→ Exercise instructions
What lines in this listing contain the string "Shop"? Report each one by copying it.

→ Dataset excerpts
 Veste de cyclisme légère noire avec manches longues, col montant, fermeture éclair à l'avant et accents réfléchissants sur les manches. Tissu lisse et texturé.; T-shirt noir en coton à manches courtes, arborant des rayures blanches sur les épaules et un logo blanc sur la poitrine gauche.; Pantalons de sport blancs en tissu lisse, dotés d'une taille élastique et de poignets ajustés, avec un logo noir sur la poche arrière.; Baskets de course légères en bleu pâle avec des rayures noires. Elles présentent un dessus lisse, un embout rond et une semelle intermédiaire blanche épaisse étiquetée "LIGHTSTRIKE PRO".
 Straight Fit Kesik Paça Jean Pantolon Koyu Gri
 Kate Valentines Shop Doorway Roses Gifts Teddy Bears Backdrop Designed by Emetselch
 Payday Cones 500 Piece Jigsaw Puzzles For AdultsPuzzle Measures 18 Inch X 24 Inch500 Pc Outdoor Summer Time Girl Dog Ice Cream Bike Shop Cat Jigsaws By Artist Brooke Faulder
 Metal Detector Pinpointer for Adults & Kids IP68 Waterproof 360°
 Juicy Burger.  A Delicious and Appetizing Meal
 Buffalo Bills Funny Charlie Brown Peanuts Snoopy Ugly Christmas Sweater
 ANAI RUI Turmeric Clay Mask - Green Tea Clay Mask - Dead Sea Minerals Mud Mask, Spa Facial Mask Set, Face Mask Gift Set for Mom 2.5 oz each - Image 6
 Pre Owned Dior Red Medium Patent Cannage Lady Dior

→ Your solution
 Kate Valentines Shop Doorway Roses Gifts Teddy Bears Backdrop Designed by Emetselch
 Payday Cones 500 Piece Jigsaw Puzzles For AdultsPuzzle Measures 18 Inch X 24 Inch500 Pc Outdoor Summer Time Girl Dog Ice Cream Bike Shop Cat Jigsaws By Artist Brooke Faulder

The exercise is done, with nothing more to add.